-- Information follows --
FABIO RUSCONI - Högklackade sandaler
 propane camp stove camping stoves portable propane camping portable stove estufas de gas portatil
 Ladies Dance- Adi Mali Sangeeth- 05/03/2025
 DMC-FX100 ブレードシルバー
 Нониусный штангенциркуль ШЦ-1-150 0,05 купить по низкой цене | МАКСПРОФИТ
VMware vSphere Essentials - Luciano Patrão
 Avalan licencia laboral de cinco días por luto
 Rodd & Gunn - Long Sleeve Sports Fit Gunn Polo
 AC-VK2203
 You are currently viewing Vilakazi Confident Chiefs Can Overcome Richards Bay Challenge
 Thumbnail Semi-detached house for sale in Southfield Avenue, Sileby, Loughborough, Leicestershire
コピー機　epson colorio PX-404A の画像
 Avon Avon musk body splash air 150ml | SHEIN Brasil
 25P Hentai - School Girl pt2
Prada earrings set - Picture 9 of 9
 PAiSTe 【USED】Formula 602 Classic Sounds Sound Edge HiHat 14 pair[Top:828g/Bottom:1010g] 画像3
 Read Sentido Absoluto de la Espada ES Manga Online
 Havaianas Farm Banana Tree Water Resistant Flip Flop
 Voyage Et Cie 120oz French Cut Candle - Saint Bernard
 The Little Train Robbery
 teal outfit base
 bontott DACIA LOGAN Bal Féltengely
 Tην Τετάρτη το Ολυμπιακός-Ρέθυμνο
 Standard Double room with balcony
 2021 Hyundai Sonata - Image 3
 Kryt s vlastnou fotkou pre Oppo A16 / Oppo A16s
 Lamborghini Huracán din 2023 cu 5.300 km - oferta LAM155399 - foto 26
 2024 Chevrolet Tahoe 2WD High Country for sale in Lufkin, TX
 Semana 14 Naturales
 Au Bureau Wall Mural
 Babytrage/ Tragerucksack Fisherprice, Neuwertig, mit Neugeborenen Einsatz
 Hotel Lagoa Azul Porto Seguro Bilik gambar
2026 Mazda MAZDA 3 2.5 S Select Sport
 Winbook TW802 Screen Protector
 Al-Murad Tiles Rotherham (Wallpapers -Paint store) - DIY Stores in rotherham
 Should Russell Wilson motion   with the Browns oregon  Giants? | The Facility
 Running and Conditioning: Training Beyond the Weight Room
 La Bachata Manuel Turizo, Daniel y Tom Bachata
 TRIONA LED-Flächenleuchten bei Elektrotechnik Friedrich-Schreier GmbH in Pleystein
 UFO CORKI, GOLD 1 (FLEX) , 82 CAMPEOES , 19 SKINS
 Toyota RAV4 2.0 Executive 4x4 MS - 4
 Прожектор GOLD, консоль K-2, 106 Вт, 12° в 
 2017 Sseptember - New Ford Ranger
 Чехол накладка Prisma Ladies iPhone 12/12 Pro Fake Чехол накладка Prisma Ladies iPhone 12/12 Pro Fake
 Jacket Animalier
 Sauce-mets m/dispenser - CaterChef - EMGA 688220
-- Information concluded --
:: What to do ::
Your answer should be the lines from the one containing "Чехол накладка Prisma Ladies iPhone 12/12 Pro Fake Чехол" to the end of the entries above, restated exactly and alone.

:: Written response ::
 Чехол накладка Prisma Ladies iPhone 12/12 Pro Fake Чехол накладка Prisma Ladies iPhone 12/12 Pro Fake
 Jacket Animalier
 Sauce-mets m/dispenser - CaterChef - EMGA 688220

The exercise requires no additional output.